I'm having a rather bothersome time with house sparrows in my garden - I had to cover the snap peas with shade cloth because the birds were eating them (fruit, leaves, blossoms). I have picked a lot of the peas, though, and they're really good. They really are better when cooled in a plastic bag in the fridge.

The bush beans are producing like mad. They're big, healthy plants that still have lots of blossoms. I picked about 2 icecream gallon containers today and will pick that many again on Sunday. I was also able to pick a few from the pole beans.

My cucumbers are, I think, finally starting. Loaded with blossoms but ver few cucs are setting and growing.

I'm still disappointed in the tomatoes. There's some fruit set but really not very much. They're still blossoming though although again, not very heavy. Oh well.

The corn is also falling victim to the house sparrows since the flower stalks are emerging and the birds want to clean those stalks off completely. No flowers = no pollen = no corn. So, I tied a bunch of string and grocery bags around to scare them off - that seems to have worked but they have caused some damage.
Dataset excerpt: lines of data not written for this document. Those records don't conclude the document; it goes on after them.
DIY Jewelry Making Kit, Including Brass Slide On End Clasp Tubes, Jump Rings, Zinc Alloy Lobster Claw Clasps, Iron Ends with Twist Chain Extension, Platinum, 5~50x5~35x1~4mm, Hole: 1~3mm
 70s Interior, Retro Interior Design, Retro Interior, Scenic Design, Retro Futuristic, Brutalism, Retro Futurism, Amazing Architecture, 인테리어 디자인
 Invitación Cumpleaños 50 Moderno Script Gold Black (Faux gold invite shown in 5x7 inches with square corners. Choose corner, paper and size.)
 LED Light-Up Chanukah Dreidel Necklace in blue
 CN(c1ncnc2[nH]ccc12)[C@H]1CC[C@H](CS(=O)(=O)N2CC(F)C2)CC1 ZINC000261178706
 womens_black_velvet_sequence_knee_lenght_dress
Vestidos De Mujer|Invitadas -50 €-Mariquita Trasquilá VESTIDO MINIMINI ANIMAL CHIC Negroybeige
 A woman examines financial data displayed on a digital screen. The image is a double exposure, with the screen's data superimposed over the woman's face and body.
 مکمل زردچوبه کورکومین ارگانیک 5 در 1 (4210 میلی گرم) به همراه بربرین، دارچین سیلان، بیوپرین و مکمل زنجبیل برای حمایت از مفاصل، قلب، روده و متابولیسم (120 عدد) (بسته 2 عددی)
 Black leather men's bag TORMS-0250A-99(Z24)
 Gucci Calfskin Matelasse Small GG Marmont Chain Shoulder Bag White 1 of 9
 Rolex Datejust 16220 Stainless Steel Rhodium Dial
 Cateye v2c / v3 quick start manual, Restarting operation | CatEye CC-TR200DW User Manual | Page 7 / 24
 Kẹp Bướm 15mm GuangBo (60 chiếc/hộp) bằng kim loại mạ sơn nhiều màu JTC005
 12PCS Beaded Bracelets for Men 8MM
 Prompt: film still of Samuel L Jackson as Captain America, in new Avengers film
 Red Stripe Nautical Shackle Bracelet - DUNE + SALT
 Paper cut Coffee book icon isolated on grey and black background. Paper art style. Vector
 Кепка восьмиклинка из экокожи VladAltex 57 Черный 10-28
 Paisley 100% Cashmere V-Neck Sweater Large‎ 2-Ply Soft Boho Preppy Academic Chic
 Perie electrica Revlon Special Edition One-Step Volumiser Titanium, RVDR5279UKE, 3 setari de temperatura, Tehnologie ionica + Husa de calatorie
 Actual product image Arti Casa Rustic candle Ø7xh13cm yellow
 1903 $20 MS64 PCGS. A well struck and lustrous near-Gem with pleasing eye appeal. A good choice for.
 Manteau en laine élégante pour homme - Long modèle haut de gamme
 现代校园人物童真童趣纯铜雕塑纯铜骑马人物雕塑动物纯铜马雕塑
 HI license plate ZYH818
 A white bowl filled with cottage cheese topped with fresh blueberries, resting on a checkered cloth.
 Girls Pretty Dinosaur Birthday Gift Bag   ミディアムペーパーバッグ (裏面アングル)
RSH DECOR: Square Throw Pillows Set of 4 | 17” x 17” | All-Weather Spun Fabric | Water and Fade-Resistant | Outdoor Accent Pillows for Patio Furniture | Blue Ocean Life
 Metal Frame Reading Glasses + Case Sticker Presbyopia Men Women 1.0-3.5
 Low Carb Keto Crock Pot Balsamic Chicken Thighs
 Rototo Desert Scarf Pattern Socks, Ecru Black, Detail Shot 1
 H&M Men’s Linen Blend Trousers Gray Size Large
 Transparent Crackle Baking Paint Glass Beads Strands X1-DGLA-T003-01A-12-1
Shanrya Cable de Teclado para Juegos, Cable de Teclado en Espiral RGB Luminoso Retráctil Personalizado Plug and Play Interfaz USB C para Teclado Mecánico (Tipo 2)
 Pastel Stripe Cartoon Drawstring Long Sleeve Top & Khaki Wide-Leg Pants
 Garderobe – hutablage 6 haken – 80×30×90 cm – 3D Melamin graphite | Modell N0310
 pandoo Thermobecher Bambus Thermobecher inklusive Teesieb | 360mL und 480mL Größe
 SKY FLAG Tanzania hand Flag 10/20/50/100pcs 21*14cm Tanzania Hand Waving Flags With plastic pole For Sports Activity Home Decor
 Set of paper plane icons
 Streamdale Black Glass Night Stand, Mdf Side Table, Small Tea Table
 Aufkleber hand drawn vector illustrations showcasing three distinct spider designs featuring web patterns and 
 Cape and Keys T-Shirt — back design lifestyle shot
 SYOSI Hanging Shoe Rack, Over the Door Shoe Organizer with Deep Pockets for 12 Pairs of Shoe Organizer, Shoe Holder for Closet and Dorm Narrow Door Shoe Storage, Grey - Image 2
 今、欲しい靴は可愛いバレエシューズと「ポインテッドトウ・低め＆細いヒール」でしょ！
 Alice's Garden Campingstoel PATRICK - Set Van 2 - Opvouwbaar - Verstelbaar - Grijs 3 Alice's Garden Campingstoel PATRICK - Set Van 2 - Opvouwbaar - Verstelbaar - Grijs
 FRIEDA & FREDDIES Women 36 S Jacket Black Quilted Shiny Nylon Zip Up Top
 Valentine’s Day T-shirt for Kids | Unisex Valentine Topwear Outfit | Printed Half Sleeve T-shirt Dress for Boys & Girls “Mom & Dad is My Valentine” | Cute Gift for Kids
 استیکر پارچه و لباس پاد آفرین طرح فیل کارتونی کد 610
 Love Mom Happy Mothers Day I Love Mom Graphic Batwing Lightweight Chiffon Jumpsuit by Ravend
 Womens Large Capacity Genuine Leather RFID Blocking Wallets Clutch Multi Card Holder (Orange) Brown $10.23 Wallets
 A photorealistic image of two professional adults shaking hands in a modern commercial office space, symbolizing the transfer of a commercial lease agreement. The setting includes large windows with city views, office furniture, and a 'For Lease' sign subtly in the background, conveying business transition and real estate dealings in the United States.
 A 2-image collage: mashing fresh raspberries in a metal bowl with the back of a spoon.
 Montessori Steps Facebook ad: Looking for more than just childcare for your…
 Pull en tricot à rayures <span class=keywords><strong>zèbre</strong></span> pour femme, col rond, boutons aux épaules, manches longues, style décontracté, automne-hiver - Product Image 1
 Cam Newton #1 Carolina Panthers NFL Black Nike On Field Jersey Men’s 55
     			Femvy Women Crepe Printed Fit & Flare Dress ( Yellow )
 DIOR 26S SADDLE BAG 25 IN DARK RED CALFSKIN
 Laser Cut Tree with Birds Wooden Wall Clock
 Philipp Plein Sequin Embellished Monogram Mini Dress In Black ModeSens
The second (later seeded) bed of corn is still quite short but today I looked down and saw a flower stalk starting to poke up.

Lettage, that tender cabbage I've got growing in my mom's garden, is having a great season. We're now at the point where we have to look for ways to use it up because it's on the verge of cracking. 7 or 8 head left, they may have to get cut out of the garden and get stored in my basement fridge.

The peppers are doing pretty good - they set fruit early which are steadily growing. The poor things are kind of swallowed up by the giant bush bean plans but it doesn't seem to be doing them any harm.

Surprisingly the lettuce is still quite good. Skyphos and The Pearl are the two varieties I'm growing this year. I cut a few of the Skyphos plants to the ground when I harvested and they are sending up new growth (which I've not yet tasted so I don't know if that is going to be worth it in the end). I've got a shade cloth over the lettuce

I don't grow potatoes but my mom does and they're really nice (there's some for supper tonight along with roasted cabbage)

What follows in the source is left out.